Energy transition in Poland | 2020 Edition
Electricity production from coal is decreasing, electricity imports are increasing; the importance of gas in the energy mix continues to grow, and renewable energy sources also play a more important role in the system. These are the key conclusions of the Forum's recent study "Energy transition in Poland". This is the third edition of the report, which presents key data on the state of the Polish energy sector and its changes.

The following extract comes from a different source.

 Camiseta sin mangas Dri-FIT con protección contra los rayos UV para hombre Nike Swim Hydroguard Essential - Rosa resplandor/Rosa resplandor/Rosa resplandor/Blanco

Last year's electricity production in domestic power plants was the lowest in five years and amounted to 164 TWh. At the same time, energy imports almost doubled to 10.6 TWh. The capacity installed in renewable sources is growing, at the end of 2019 it was 9.5 GW. The production of energy from renewable sources exceeded 25 TWh - and although it was the highest in history, it is still insufficient for Poland to meet the EU's obligations regarding the share of renewable energy in the energy mix. It is also worth noting that the development of RES in the last two years was mainly due to investments in prosumer installations.

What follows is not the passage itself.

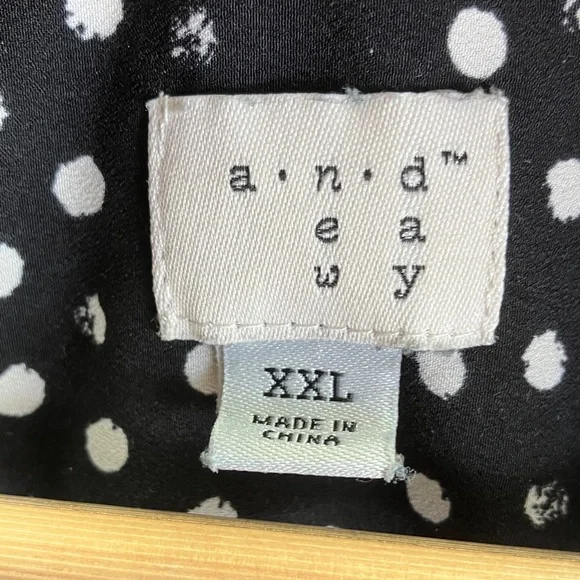 Polka Dot Sleeveless Blouse - Black and White - Picture 4 of 7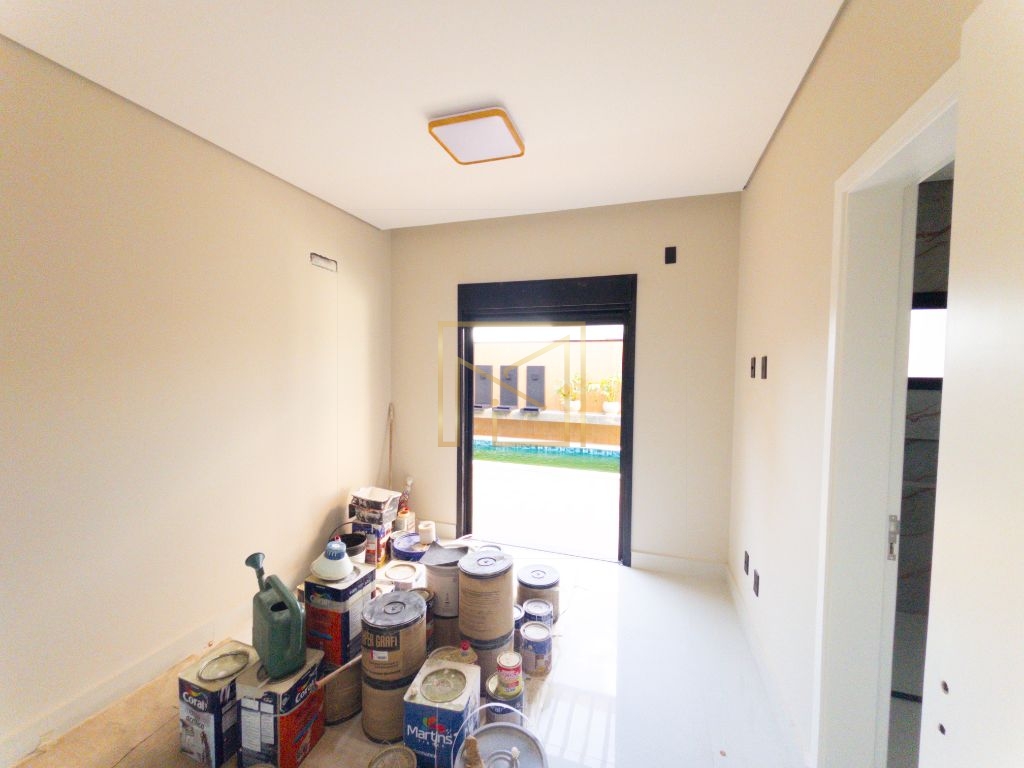 Casa em Condomínio com 3 Suítes à Venda em Hortolândia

- The changes in the energy sector are visible, but there are doubts whether they have been planned or are rather a surprise ¬- notes Dr Joanna Maćkowiak-Pandera, President of the Forum Energii. - Not so long ago, an increase in energy production in Poland was expected, and in the meantime we have seen a record decline. There are several reasons for this phenomenon, but the most important is the high costs of power generation in domestic power plants. If imports of energy did not continue, prices would be even higher and Poland would have problems with balancing demand. The most important question is what to do next. Polish power industry is on a verge," concludes Maćkowiak-Pandera.
Particular attention should be paid to the specific paradox of the domestic coal market. On the one hand, the share of coal in electricity production in 2019 was nearly 5 percentage points lower than the year before. The trend in decreasing hard coal exploitation in domestic mines, which has been visible for years, also continued last year, decreasing by 2 million tons. On the other, however, the demand for thermal coal remains high. A large part of it, almost 20% of domestic consumption, is supplemented with imported coal. 10 million tons comes from Russia and the remaining 3 million tons from Colombia, the USA or Kazakhstan.
- So we have a situation where the Polish mining industry is not able to provide enough coal to meet demand. At the same time, some of the coal produced in Poland does not go to consumers anyway, but is stored on heaps, because domestic coal is more expensive and often of lower quality than imported coal - notes the President of Forum Energii.
The importance of gas in the Polish energy mix continues to grow. Its share in 2018 came close to 9%. Domestic production of this fuel is decreasing year by year, and the demand is mainly covered by imported gas. However, the progressive diversification of gas sources is clearly visible, mainly due to contracts for the purchase of liquefied gas. Imports from Russia are already less than half of the blue fuel supplies.
The big problem is stagnation in reducing greenhouse gas emissions. Emissions in Poland in 2018 remained at the level of 2017, exceeding 412 million tonnes of CO2 equivalent, and from power generation alone it was nearly 150 million tonnes.
Main conclusions from the report
- Electricity production is falling, with the biggest decrease being seen in production from lignite and hard coal. The share of coal in electricity production in 2019 was 73.6%, 4.8 percentage points less than in 2018.
- In 2019, the import of electricity to Poland almost doubled, amounting to 10.6 TWh.
- Last year, the largest amount of electricity from RES was produced - over 25 TWh. It is the highest in history. However, this result is still too low to meet EU obligations.
- The paradox of the domestic coal market: despite the constant high demand for this resource, its production in Polish mines is decreasing and at the same time its reserves on heaps are increasing.
- Diversification of gas supplies. Imports from Russia account for less than 50% of the blue fuel supplies to Poland.